Keep every line of the data below that has the string "Magnetic" and present those lines.

Dataset items
####

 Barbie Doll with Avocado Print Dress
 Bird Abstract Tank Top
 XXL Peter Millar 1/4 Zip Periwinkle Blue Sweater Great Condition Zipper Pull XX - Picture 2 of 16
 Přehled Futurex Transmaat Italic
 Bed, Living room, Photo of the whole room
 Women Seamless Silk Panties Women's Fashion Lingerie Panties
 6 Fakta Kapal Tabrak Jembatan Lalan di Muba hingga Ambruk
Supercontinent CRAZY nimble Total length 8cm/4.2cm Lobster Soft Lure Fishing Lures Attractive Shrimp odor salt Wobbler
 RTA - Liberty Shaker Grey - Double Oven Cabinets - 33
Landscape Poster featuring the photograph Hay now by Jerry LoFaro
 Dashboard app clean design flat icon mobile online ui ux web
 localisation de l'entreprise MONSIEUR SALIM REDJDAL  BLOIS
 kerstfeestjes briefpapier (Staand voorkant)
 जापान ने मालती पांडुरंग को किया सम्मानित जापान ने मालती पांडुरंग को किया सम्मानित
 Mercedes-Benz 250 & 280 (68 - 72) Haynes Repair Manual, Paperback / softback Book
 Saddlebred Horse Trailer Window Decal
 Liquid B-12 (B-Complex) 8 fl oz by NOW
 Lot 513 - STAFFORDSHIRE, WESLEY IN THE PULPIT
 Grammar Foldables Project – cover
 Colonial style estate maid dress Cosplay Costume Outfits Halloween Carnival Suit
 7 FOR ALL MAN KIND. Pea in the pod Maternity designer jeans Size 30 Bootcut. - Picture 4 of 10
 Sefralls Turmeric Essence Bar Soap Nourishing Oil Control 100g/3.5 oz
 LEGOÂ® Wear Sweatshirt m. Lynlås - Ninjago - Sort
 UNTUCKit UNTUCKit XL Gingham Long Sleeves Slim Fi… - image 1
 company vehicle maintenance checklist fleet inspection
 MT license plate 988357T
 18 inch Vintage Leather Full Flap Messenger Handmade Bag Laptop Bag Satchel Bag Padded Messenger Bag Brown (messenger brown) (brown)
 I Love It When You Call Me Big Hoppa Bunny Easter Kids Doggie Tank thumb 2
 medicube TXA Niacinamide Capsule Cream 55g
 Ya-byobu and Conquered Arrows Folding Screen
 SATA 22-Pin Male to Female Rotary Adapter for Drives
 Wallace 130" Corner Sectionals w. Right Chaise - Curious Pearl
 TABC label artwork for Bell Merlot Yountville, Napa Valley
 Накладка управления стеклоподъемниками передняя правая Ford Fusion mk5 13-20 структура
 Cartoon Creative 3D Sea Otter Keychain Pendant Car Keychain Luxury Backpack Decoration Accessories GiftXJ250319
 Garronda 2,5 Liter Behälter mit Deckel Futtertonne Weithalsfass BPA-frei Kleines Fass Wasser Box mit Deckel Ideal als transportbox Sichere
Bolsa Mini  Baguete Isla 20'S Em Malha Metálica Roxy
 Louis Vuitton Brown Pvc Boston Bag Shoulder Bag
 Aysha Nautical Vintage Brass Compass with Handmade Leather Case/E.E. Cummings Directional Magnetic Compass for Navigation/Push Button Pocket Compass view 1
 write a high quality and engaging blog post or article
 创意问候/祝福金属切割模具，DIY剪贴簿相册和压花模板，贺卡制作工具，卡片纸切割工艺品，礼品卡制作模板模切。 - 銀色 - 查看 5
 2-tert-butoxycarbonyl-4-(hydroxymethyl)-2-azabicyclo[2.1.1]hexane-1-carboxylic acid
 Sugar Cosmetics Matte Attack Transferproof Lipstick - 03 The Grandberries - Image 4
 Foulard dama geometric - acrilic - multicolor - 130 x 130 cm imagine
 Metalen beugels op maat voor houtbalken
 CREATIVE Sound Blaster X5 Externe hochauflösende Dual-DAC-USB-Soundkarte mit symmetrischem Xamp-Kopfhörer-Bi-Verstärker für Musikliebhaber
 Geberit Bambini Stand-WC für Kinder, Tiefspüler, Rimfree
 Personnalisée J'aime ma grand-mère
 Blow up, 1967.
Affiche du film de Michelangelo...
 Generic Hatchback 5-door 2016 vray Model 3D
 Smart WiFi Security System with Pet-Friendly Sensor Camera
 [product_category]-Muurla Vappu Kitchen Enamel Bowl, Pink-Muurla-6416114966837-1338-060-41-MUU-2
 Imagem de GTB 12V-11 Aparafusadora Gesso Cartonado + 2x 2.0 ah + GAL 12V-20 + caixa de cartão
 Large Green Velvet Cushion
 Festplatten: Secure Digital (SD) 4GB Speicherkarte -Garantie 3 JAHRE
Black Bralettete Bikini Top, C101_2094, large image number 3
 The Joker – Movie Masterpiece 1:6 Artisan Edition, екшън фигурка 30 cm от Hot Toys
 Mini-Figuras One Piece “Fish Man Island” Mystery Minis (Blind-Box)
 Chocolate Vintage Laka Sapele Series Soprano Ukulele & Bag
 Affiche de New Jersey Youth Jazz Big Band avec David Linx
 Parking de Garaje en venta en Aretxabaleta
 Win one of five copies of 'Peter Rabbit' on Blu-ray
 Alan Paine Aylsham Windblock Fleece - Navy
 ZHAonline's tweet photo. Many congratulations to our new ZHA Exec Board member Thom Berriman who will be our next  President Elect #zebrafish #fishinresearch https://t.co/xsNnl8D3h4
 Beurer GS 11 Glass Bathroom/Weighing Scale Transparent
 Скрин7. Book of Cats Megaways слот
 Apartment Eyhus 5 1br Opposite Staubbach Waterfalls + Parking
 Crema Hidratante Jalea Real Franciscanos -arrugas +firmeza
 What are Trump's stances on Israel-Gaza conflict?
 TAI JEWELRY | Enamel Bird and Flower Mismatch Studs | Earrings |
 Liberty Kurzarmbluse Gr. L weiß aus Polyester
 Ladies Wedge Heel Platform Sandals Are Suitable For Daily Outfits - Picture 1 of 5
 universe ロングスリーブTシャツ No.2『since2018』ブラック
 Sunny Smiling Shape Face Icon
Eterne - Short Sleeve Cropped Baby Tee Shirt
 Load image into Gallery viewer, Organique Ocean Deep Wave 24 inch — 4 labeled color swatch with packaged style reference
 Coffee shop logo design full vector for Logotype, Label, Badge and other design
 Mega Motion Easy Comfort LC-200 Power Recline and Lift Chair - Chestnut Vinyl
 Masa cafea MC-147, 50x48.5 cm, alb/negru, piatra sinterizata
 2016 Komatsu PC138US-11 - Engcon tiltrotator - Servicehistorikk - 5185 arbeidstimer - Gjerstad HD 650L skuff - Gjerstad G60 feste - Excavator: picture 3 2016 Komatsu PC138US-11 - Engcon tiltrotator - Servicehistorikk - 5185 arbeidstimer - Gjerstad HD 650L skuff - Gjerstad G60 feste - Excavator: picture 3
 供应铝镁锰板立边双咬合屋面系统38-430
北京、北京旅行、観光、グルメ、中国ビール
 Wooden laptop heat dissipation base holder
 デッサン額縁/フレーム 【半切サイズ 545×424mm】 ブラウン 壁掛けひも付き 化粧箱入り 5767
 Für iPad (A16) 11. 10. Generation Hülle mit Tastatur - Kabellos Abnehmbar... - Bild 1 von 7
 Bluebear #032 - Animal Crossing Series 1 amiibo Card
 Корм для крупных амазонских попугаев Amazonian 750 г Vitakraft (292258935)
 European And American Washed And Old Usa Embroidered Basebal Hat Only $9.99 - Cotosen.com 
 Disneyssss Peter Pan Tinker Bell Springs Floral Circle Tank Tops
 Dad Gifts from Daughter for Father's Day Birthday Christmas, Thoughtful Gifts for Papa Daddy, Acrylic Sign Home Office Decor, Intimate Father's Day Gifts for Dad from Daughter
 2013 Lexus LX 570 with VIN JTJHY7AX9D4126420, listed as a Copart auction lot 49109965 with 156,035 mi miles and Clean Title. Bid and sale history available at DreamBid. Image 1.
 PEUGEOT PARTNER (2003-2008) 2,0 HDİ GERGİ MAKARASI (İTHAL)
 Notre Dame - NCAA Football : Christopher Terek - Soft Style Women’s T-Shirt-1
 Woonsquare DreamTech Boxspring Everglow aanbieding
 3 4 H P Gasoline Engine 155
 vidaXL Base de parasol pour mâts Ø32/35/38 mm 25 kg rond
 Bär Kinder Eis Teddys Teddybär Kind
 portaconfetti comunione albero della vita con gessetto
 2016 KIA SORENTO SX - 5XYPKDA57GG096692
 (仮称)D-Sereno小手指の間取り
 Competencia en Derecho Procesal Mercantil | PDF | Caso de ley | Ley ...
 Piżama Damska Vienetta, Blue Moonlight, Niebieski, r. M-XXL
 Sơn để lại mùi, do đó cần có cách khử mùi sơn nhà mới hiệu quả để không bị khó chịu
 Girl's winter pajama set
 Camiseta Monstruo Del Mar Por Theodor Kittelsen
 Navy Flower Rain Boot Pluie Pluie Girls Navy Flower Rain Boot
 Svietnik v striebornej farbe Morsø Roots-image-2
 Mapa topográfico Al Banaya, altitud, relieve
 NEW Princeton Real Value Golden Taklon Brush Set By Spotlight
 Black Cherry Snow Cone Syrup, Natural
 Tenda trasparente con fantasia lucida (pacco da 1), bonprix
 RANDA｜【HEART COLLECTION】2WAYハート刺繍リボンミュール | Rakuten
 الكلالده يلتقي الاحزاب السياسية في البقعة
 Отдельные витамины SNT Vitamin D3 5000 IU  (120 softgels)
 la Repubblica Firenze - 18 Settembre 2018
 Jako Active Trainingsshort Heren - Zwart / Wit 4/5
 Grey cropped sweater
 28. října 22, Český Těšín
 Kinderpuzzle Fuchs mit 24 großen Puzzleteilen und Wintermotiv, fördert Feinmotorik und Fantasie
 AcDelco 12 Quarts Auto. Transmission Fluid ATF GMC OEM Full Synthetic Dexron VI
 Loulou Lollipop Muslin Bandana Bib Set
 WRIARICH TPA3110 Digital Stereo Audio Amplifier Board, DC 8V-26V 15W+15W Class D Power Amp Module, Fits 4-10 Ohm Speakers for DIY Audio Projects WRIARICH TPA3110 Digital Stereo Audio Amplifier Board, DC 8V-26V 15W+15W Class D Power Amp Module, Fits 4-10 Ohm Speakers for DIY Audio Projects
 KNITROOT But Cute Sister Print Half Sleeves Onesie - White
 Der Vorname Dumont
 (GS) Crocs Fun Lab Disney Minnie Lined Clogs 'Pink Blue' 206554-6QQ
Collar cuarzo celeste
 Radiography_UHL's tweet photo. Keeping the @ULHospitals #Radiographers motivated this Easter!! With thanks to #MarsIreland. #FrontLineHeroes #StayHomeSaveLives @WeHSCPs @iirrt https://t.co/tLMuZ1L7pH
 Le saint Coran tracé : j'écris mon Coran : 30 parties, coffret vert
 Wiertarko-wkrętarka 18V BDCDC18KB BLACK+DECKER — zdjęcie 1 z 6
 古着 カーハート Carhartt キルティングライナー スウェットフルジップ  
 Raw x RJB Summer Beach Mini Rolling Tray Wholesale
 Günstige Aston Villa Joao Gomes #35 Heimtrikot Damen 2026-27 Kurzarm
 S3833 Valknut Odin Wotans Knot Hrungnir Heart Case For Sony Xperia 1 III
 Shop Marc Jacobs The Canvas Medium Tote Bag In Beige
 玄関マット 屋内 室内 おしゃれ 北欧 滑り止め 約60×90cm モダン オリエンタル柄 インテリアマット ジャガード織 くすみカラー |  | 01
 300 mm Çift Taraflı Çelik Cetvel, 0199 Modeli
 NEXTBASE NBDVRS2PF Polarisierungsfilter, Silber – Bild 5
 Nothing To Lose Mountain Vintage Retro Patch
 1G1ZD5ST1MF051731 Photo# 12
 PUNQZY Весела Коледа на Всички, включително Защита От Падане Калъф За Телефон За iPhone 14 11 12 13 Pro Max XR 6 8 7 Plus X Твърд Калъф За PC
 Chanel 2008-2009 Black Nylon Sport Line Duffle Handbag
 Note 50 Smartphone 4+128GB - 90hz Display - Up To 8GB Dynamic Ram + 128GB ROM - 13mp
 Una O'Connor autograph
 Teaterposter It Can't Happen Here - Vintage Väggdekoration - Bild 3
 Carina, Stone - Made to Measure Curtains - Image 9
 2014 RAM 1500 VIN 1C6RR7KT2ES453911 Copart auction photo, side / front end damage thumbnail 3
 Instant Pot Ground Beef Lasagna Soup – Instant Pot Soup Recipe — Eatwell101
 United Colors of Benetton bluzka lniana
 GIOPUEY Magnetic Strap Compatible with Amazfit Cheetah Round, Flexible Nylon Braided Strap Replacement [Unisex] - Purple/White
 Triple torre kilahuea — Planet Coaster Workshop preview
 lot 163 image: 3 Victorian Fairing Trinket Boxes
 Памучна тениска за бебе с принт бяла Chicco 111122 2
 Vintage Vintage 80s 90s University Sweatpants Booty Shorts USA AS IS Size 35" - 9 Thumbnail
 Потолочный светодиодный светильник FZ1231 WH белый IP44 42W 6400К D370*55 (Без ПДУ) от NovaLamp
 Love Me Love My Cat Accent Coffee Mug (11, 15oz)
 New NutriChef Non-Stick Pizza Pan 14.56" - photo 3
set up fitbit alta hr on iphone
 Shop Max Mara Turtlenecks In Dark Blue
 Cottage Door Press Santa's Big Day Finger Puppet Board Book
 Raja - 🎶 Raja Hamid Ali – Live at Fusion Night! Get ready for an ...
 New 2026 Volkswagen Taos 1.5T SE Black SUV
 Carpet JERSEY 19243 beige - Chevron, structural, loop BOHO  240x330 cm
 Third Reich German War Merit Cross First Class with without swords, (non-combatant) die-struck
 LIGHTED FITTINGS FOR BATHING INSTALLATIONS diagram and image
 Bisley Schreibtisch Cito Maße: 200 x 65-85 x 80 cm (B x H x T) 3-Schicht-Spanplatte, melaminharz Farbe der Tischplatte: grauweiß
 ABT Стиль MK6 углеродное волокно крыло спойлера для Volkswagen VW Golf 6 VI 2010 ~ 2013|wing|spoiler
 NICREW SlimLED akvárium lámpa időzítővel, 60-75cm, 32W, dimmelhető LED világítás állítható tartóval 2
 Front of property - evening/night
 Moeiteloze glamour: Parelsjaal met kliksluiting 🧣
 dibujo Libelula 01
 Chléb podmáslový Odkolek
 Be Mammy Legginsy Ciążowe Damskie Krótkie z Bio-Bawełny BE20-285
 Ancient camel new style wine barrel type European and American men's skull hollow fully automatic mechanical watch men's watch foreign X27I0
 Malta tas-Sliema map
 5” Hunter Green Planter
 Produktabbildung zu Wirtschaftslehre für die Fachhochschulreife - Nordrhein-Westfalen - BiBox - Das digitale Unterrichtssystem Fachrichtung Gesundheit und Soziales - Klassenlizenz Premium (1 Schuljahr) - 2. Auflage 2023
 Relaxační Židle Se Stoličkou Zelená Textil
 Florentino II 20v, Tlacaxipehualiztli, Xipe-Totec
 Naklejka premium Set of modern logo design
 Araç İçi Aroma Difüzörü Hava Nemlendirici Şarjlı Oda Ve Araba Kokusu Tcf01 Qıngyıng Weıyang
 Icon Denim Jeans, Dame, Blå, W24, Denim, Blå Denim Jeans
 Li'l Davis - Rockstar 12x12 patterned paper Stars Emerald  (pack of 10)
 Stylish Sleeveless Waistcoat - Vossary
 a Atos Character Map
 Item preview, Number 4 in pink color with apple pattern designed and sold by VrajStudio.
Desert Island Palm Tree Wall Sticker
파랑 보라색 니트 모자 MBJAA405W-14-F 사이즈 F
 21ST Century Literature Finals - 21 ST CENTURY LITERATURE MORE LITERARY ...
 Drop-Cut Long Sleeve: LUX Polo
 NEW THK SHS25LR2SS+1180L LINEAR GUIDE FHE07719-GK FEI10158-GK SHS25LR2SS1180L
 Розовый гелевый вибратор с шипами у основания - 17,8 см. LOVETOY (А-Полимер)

####

→ **Response area**:
 Aysha Nautical Vintage Brass Compass with Handmade Leather Case/E.E. Cummings Directional Magnetic Compass for Navigation/Push Button Pocket Compass view 1
 GIOPUEY Magnetic Strap Compatible with Amazfit Cheetah Round, Flexible Nylon Braided Strap Replacement [Unisex] - Purple/White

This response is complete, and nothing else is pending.